Walt paid for Roy's training at the Chouinnard Art School for three years, and at the Disney Studio Roy progressed on the then-standard path from inbetweening all the way up to full animator.
However, his true strength was his ability to turn out countless gags quickly so Walt moved him into the story department after he saw him pitch an idea about Donald Duck swallowing a magnet and attracting everything metal.
As Jack Hannah, another storyman/animator, told me when I interviewed him, “Roy Williams seldom came up with a complete story, but he was exceptionally good as a spot gag man. He might come up with 100 ideas, but only one or two were really usable. That's still pretty good for a six-minute cartoon.”
Marc Davis told me, “Roy Williams was primarily a gag man. Roy was the type of guy you would bring in to get some gags to punch up a scene. He was very volatile. Roy was an incredible character. Any of us who worked with Roy could tell Roy Williams stories for three to four hours each and never repeat a story.”
Williams did receive full story credit on several Disney animated shorts. As Jack Kinney recalled: “One director said, 'Damn that Roy, he tells a story so damn funny up there, and then I put 'em in the pictures and they're not funny any more. Why did we even laugh?' He thought, gee, this is a funny story, because everybody's laughing but they were just laughing at Roy; they weren't laughing at the story.”
Because of his size, his gullibility and his quick temper, Williams was often the victim of pranks, like using a water pistol to shoot him in the crotch so it looked like he had peed in his pants but with his overhanging belly, he never noticed until someone pointed it out.
Of course, Roy was known to do pranks, as well. He used to keep a large gift-wrapped package on the floor of his home in Burbank. Whenever a male visitor came to the house for the first time, he would be told the gift was for him and would be invited to take it away still wrapped. The “gift” was a hunk of iron too heavy for anyone to lift, but it amused Roy to see how long men would struggle before finally giving up.
The Secret World of Roy Williams was a compilation of many of Roy Williams' cartoons.

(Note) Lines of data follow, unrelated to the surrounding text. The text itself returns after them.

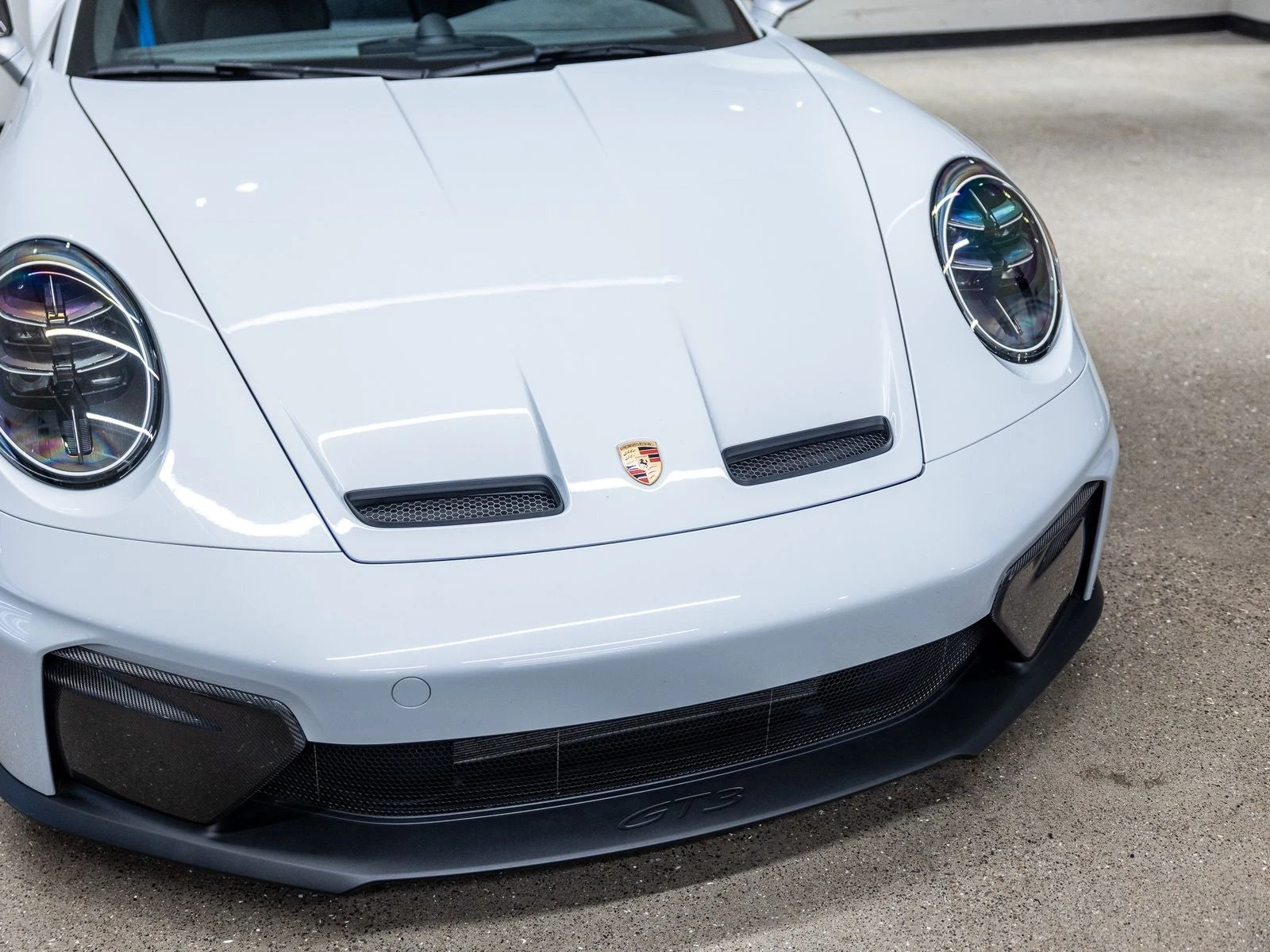2025 Porsche 911 GT3 (992.2), 13/20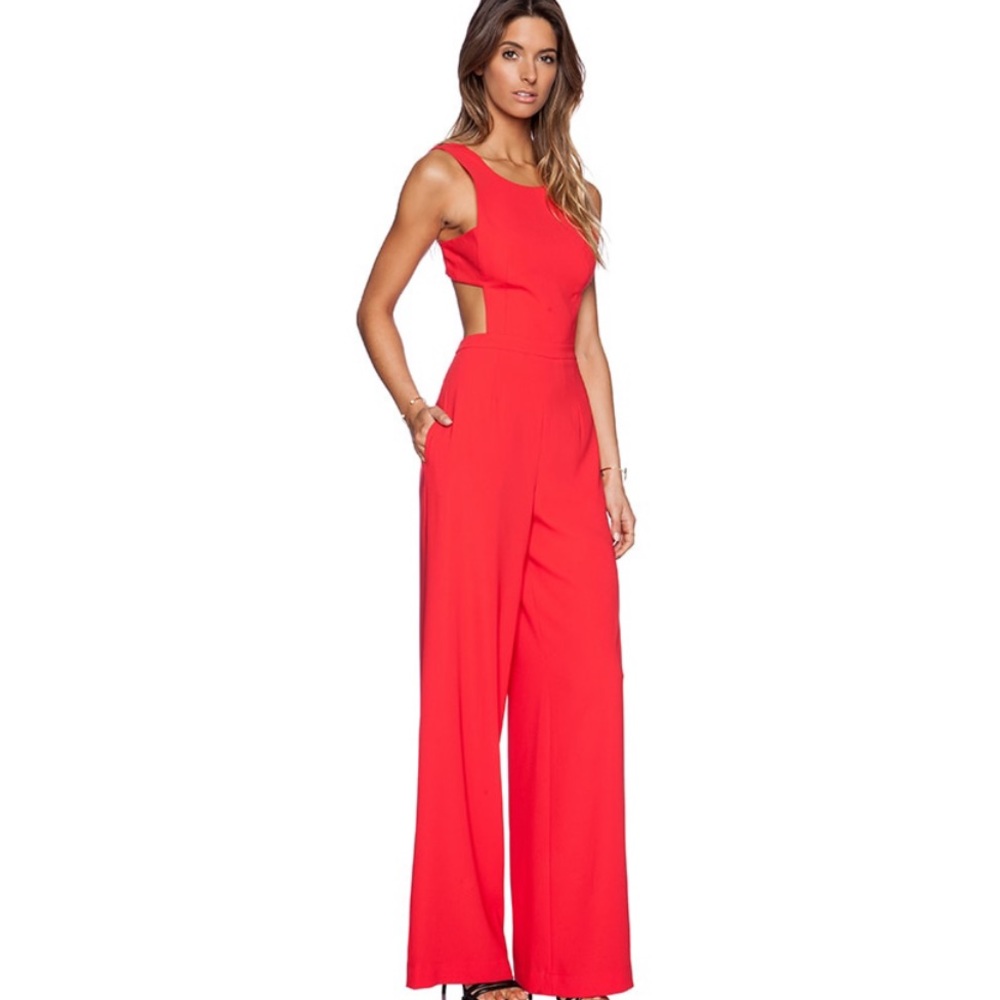 BCBG Rosanna Jumpsuit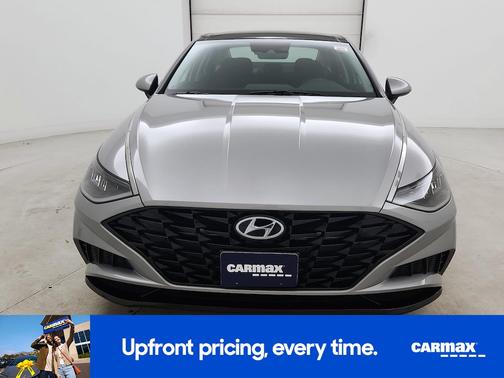 Silver 2023 Hyundai SONATA SEL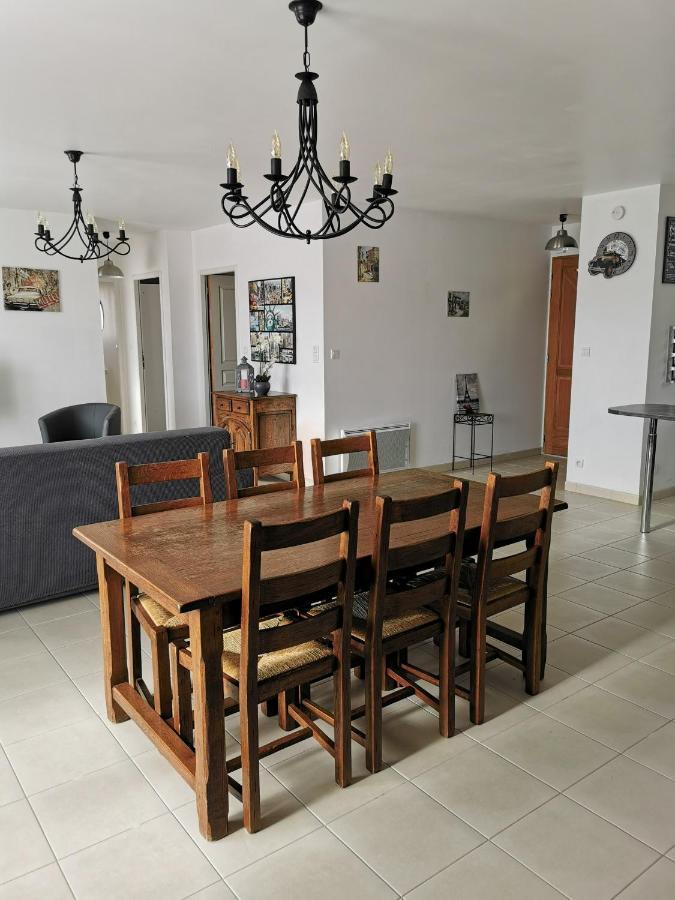 Gite La Baronniere Castels Buitenkant foto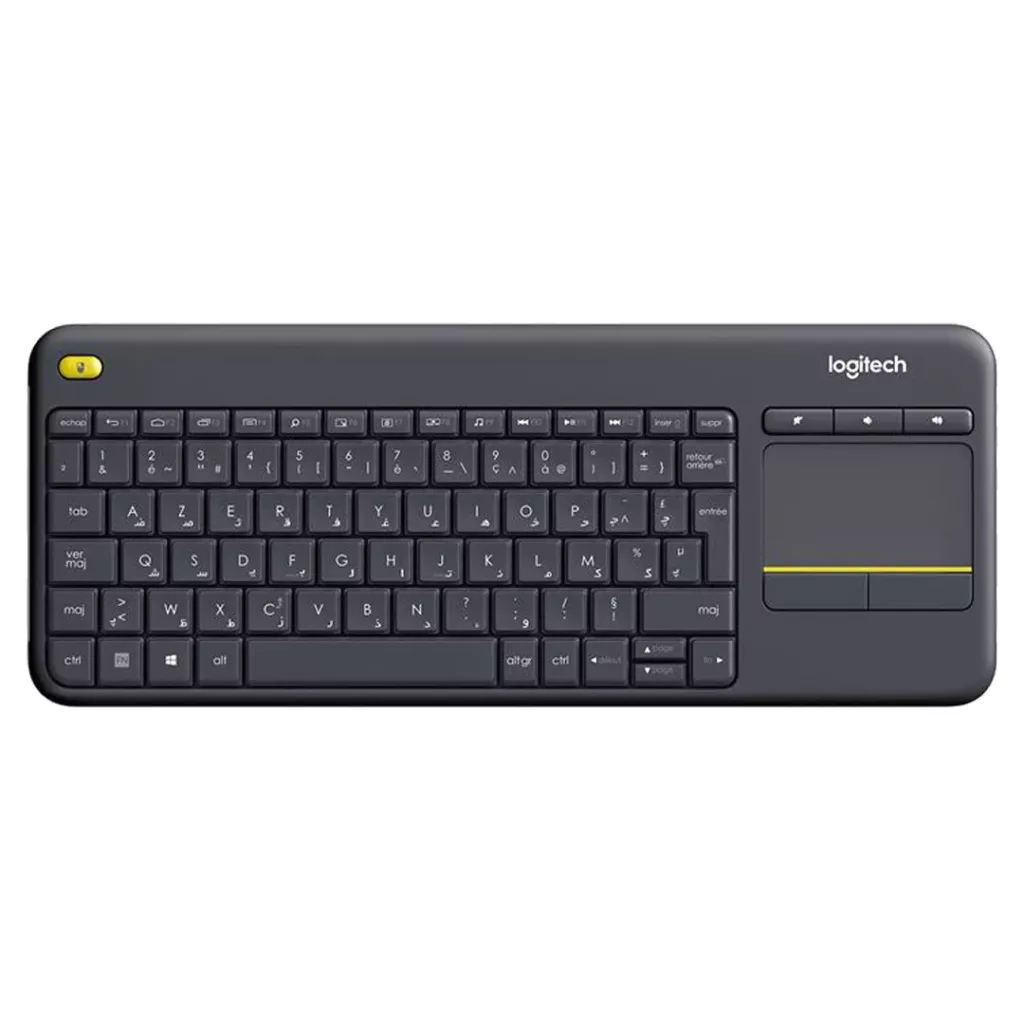 کیبورد لاجیتک مدل K400 Plus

Artist Ken Anderson in 1985 told me:
“Here's a story I love. Roy Williams was a legend. Roy was a 320-pound former All-American high school football player. He was a little baby. He was a child. He was a naïve child in this great body who could throw people around. An enormous gag man. He just churned out these cartoons like you wouldn't believe. Walt decided that Roy should be a little more dignified so we helped Walt out.
“When Roy was made a gag captain we made it an important thing. He had to wear a suit, tie, and a vest…and socks. Everything. Then he came over to this new building. They were really just a couple of apartments we had gutted and made into rooms for the storymen.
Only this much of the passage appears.